Abstract
Abstract
There is a pressing need to better understand how parents make feeding decisions for their children, but extant measures focus primarily on outcomes rather than examining the process of food choice as it unfolds. This exploratory study examined parents' translational movement as they moved throughout a virtual reality-based buffet restaurant to select a lunch for their child. Our aim was to explore whether translational movement would be related to cognitive and affective variables that underlie motivation, effort, and ultimate choices within food decision-making contexts (e.g., guilt, self-efficacy). Movement data were quantified in terms of path tortuosity: the degree of straightness of one's path while traveling through a space. Greater path tortuosity predicted a reduction in parents' guilt about their child feeding, above and beyond actual food chosen. Results suggest path tortuosity serves as an implicit measure of effort put forth by parents throughout the food decision-making process. Future work should continue to explore the utility of novel metrics that can be obtained from unique data sources, such as location tracking, for elucidating complicated behavioral processes such as food choice.
Introduction
There is a pressing need to effectively motivate parents to choose healthier foods for their young children.1–3 However, the best methods for successfully engaging and encouraging parents to make healthier feeding choices remain unclear, 4 due in part to poor understanding of how parents actually make these choices. Food choice is a complex behavioral process, composed of a large collection of microlevel decisions and behaviors.5–8 Despite evidence that examining more nuanced aspects of parental feeding can yield useful insight into how the final decision is made, 9 it remains difficult to measure and quantify these nuances. Thus, there have been calls to improve methodology for quantifying the implicit mechanisms underlying food choice, with some researchers encouraging greater use of indirect behavioral observation methods and less reliance on self-report. 6 This study explores novel behavioral measurement approaches for elucidating process-oriented aspects of parental food choice.

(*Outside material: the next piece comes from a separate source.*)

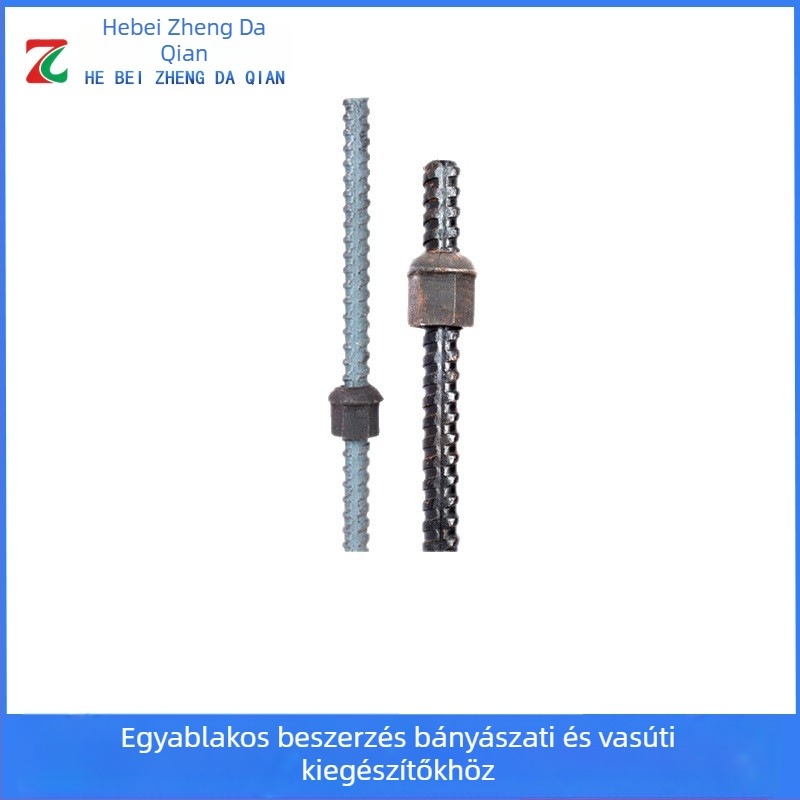 MGSLW335/20×2200 – jobb oldali menetű, egyenértékű anker bányászati támogatáshoz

From a methodological standpoint, it has proven difficult to measure and quantify the many cognitive and affective aspects of parental feeding. Observational and qualitative studies provide reason to believe that a great variety of real-time factors interact throughout the feeding process, as parents internally negotiate factors such as taste, healthfulness, and child preferences,9–12 but due to methodological difficulty, the multifactorial complexities of parents' feeding decisions have been studied very rarely. Given the need for easily quantifiable and objective measures of nuanced aspects of this process, virtual reality (VR) has been introduced as a tool for studying parental food choice. VR enables the quantification of otherwise difficult-to-measure outcomes (e.g., number of calories chosen), as well as many aspects of behavior as choices are being made. The VR Buffet is a simulation wherein parents select a lunch for their child from a virtual buffet restaurant. Since its development for previous studies, it has been formally validated, affirming that parents' choices in this VR-based scenario are reflective of their choices in real-world scenarios, 13 and is now freely available for researcher use. The VR Buffet also provides abundant behavioral measures regarding the process by which parents make food choices. The data informing the current report were drawn from a study conducted with the VR Buffet. 14
One unique methodological advantage of VR is that it can track the physical movement of the user in a variety of ways, including head orientation, distance from virtual objects, and translational movement throughout the virtual space. These location-tracking data are unobtrusively and automatically collected by the equipment multiple times every second. Extant literature provides substantial evidence that quantifying physical movement may lend useful insight into implicit psychological processes occurring as decisions unfold, including in the domain of food choice.15–19 The current report explores the utility of examining translational movement (walking forward, backward; left, right) of VR users as they move throughout a virtual space to select food for their child.
Although copious data can be collected from behavior in VR environments, the raw data must be quantified meaningfully in order to be useful. One potentially insightful measure that can be derived from translational movement data is called path tortuosity. Path tortuosity is defined as the degree of straightness of one's path as s/he travels through a space. 20 The earliest and most extensive applications of path tortuosity to behavioral data have involved the analysis of animals' movement paths throughout their habitats.21–24 Kearns et al.25–28 have more recently applied a path tortuosity metric to human movement data to examine the wandering patterns of persons with dementia and traumatic brain injury; this collection of studies has shown that path tortuosity is strongly associated with cognitive functioning, namely in its relation with spatial orientation. The current study aimed to link path tortuosity with higher-level psychological variables by examining translational movement data in a decision-making context. Although translational movement has been examined in interpersonal and social scenarios,29–31 no studies have explored its role within decision-making paradigms. Given the identified links between physical movement and psychological underpinnings of dietary decision-making,16,18 we hypothesized that path tortuosity would be indicative of higher-level cognitive and affective processes in this new context.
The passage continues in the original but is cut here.